And, finally, I wanted to say something about days when things go a little better than other days in the life of a geriatric climber. I’m in my fifties and sometimes it’s really discouraging to see all these youngsters in their 20s who are climbing hard and making it look easy, especially when I’m having a particularly off day. My list of creaky bits is getting long – I’ve talked about my recovering elbow more than often enough, but that’s just the first of a number of annoying failing  body parts that vie for my attention. There’s something wrong with my left shoulder (made worse in the fall) and which needs to be properly dealt with at some point. My physio’s theory is a torn rotator cuff, but to be honest, I’ve been leery about getting a scan and then learning I am going to need surgical intervention. Some things are better left unsaid. So, I tape up my shoulder and strap on my brace and take some Tylenol and get on with the day. Nights are for icing and, so far at least, even though I look like my arm is being held together by tape and velcro, it’s functioning well enough.

Long approaches are really hard on my arthritic hip, the one that was injured many moons ago when I fell off a bridge with my horse (long story, and nothing in there starts with the letter E, except maybe EEEEEk!). I use a ski pole and try not to be too hard on myself when I’m slow on uneven terrain, especially when carrying a pack. I really feel my age on days when the big toe joint on the opposite foot starts to act up. That’s pretty much seized up from arthritis and can be incredibly painful on long hikes. I’ve found that cranking my boots (when ice climbing), approach shoes (for hiking) and climbing shoes as tight as humanly possible basically immobilizes the joint, which makes things mostly tolerable. Various joints in my fingers and thumbs are starting to ache – in part because I’m climbing some stuff that requires hard pinching, crimping, and pulling, but in part because old injuries are coming back to haunt me with the onset of arthritis in all those joints, too… (this is the moment when, if you happen to have one, you send me your best suggestions for dealing with arthritis!)

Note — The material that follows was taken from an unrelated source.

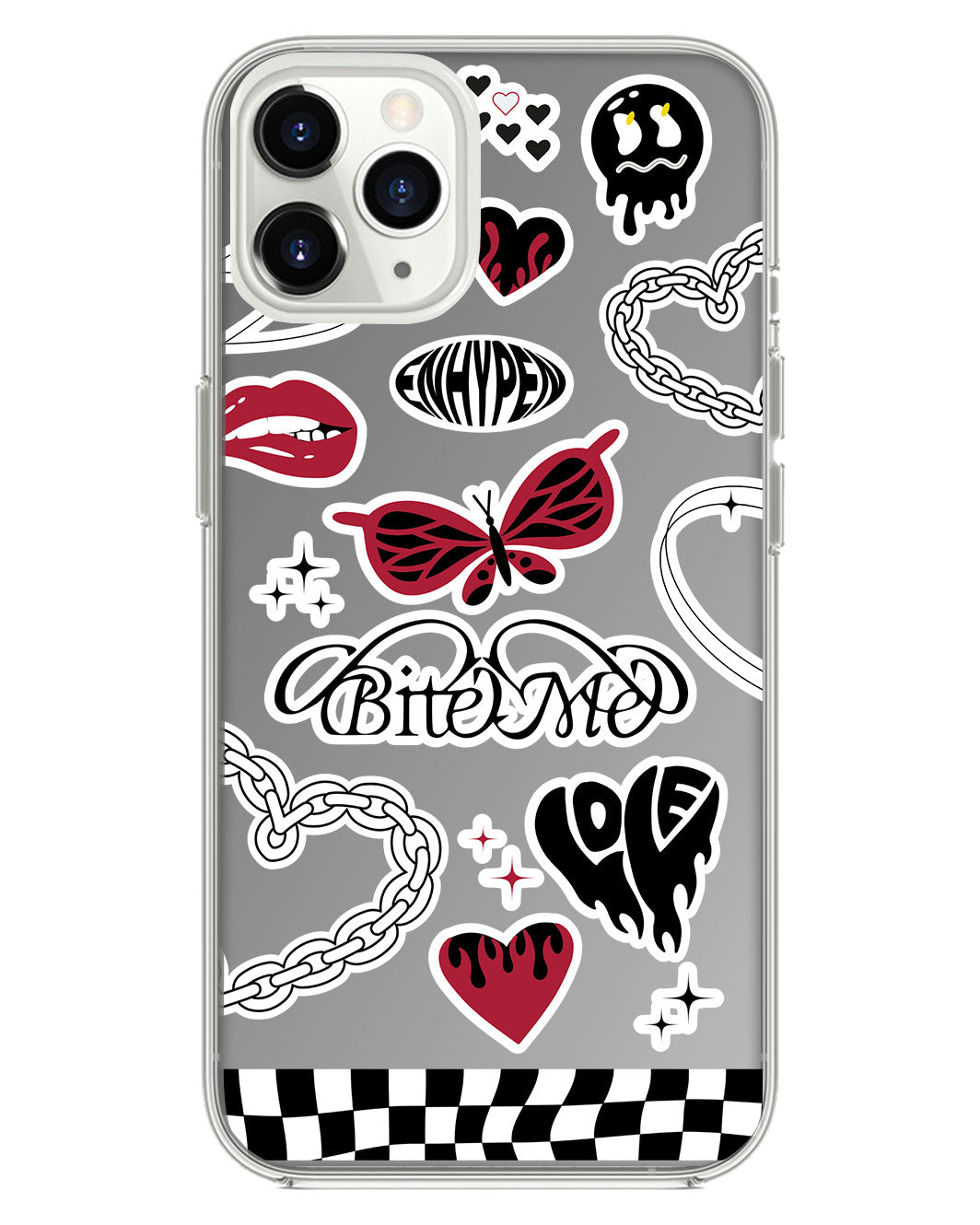 iPhone Mirror Grip -  Enhypen Bite Me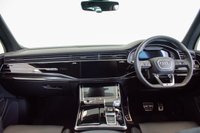USED 2023 23 AUDI Q7 3.0 TFSI V6 55 Black Edition SUV 5dr Petrol Tiptronic quattro Euro 6 (s/s) (340 ps) Black Edition, VAT Qualifying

Listing the aches and pains has taken me a bit off course, but the point is, some days it’s easy to get discouraged, to question what on earth I think I’m doing heading for the crags day after day to climb alongside mere children!! And then, there’s a day like yesterday at Barrier where I tackled several things that I have, in past visits, found difficult (or impossible) but which were, yesterday at least, EASY!! First, I LED a route – not a hard route – but still, a lead (the 5.7 everyone uses as a warmup). Nevertheless, I wasn’t stressed (too much) and made it all the way up pretty smoothly. So, progress. After that, I climbed several of the slightly harder routes, all without any trouble at all. Feeling thoroughly warmed up, I decided to challenge myself and climb my hardest-to-date outdoors route (a 5.11b called In Us, Under Us which even Fabio admitted was ‘stiff’) and would likely have climbed it clean except I missed a very obvious hold (just didn’t see it – it was right in front of my face – here, I blame my trifocals because, hey, I was probably the only person climbing yesterday who was wearing trifocals…) andI  popped off when I made an ambitious move (and almost made it!) to the next hold without using the previous (unseen) hold. Keep in mind this was on a steep, pretty blank, balanc-y face where I was trying to transition around to a corner, also without a whole lot of holds to work with… I actually had managed to grab the upper hold but just as I was about to grip and get settled, my foot (which I had managed to get nice and high with a heel hook!) slipped and I didn’t have quite enough grip on the upper hold and fell. I was a bit rattled at that point and it took a couple of tries to repeat the move (and a couple more falls) before Fabio called up, “Why don’t you use that hold right in front of your face?” At which point I saw the hold in front of my face, which was exactly where it needed to be, and I easily (EASILY!) made the next move and finished the rest of the climb without much trouble.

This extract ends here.